Records from a data collection

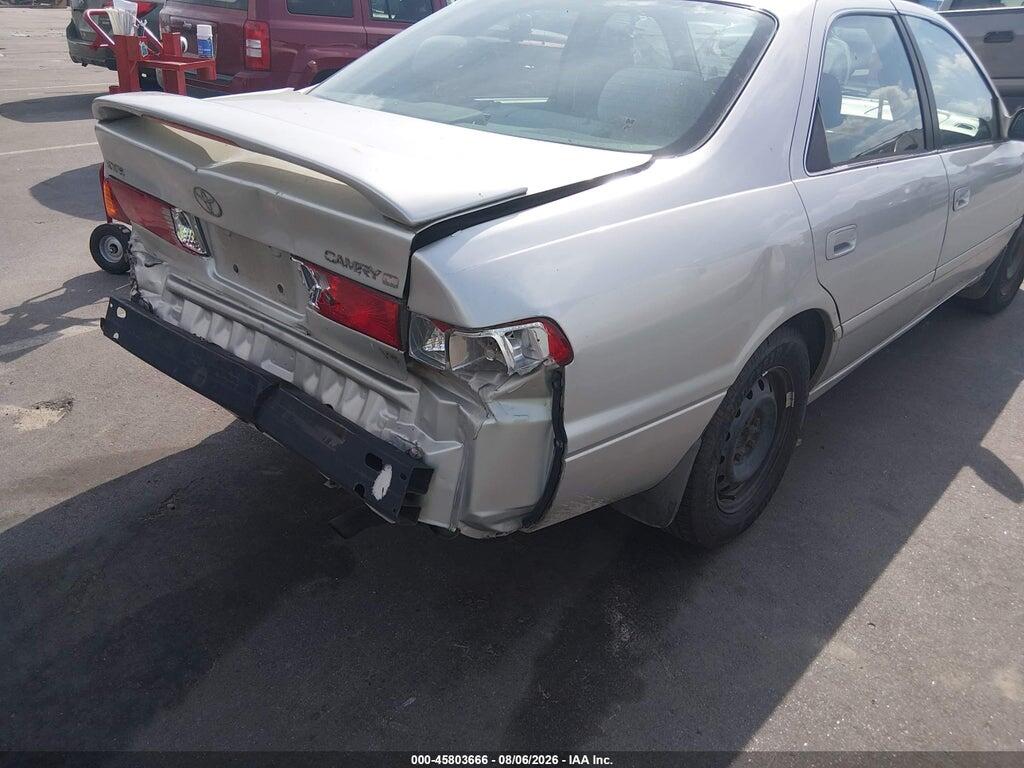 4T1BF22K4YU099326 2000 TOYOTA CAMRY photo no. 11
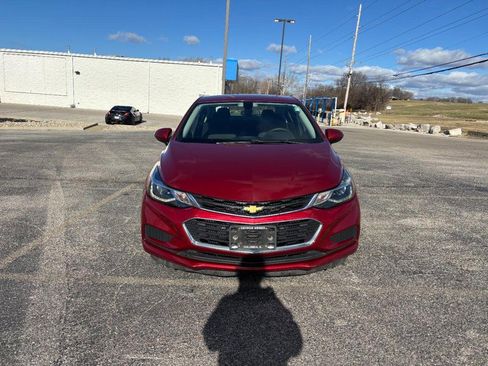 Used 2017 Chevrolet Cruze LT w/ Convenience Package image 8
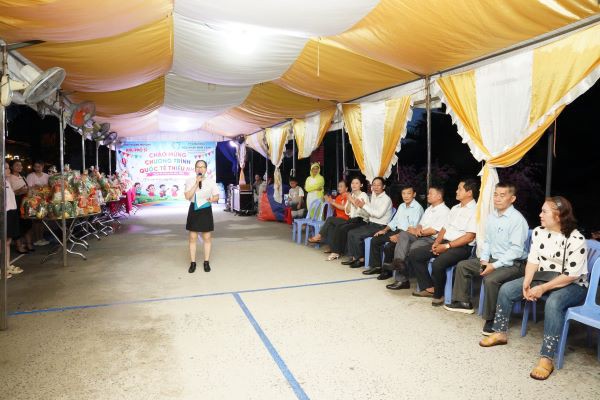 1/6 tại khu phố 57: Không cần sân khấu lớn, chỉ cần một Khu Phố biết yêu trẻ em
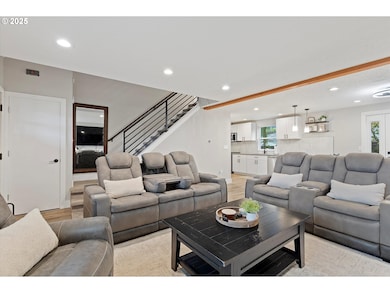 1903 E Orchard Dr, Newberg, OR 97132 - photo 5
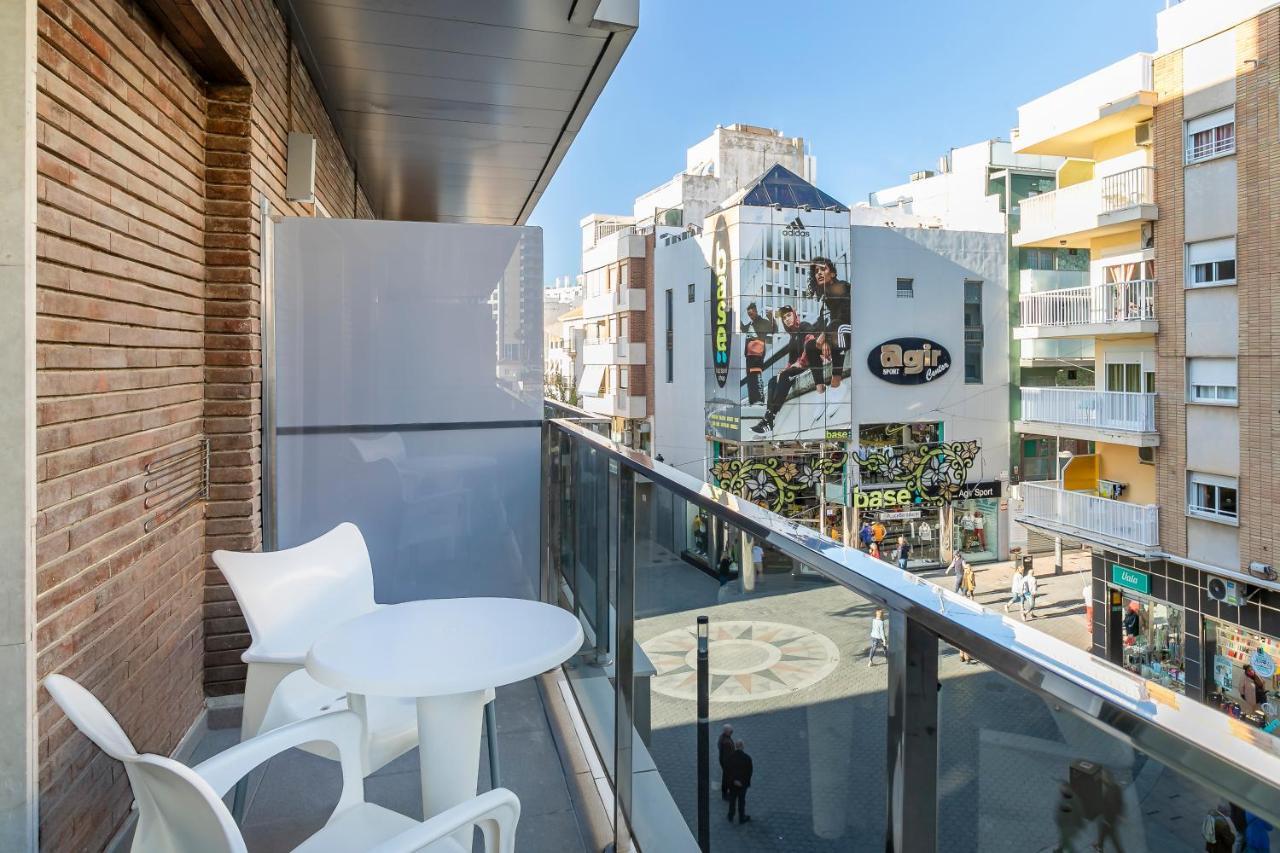 Hotel Avenida Benidorm Bagian luar foto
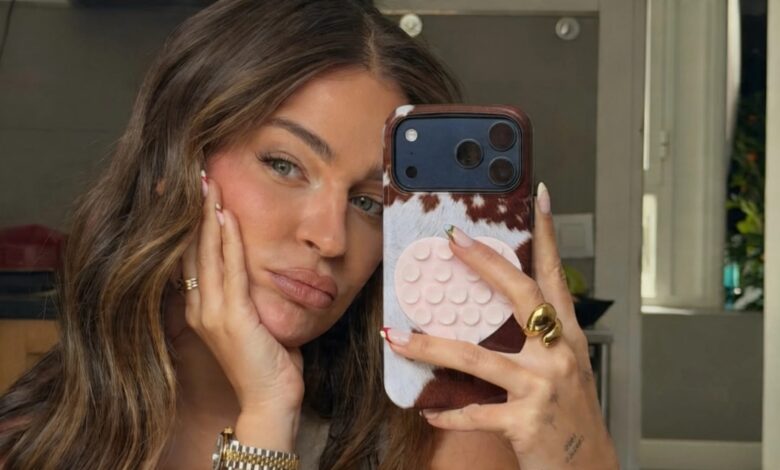 Rare Family Photo: Laura Escanes Shows Her Father for the First Time at Her Birthday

## Problem to solve
Copy each line of the records precisely and drop any images they hold.

## Written answer
 4T1BF22K4YU099326 2000 TOYOTA CAMRY photo no. 11
 Used 2017 Chevrolet Cruze LT w/ Convenience Package image 8
 1/6 tại khu phố 57: Không cần sân khấu lớn, chỉ cần một Khu Phố biết yêu trẻ em
 1903 E Orchard Dr, Newberg, OR 97132 - photo 5
 Hotel Avenida Benidorm Bagian luar foto
 Rare Family Photo: Laura Escanes Shows Her Father for the First Time at Her Birthday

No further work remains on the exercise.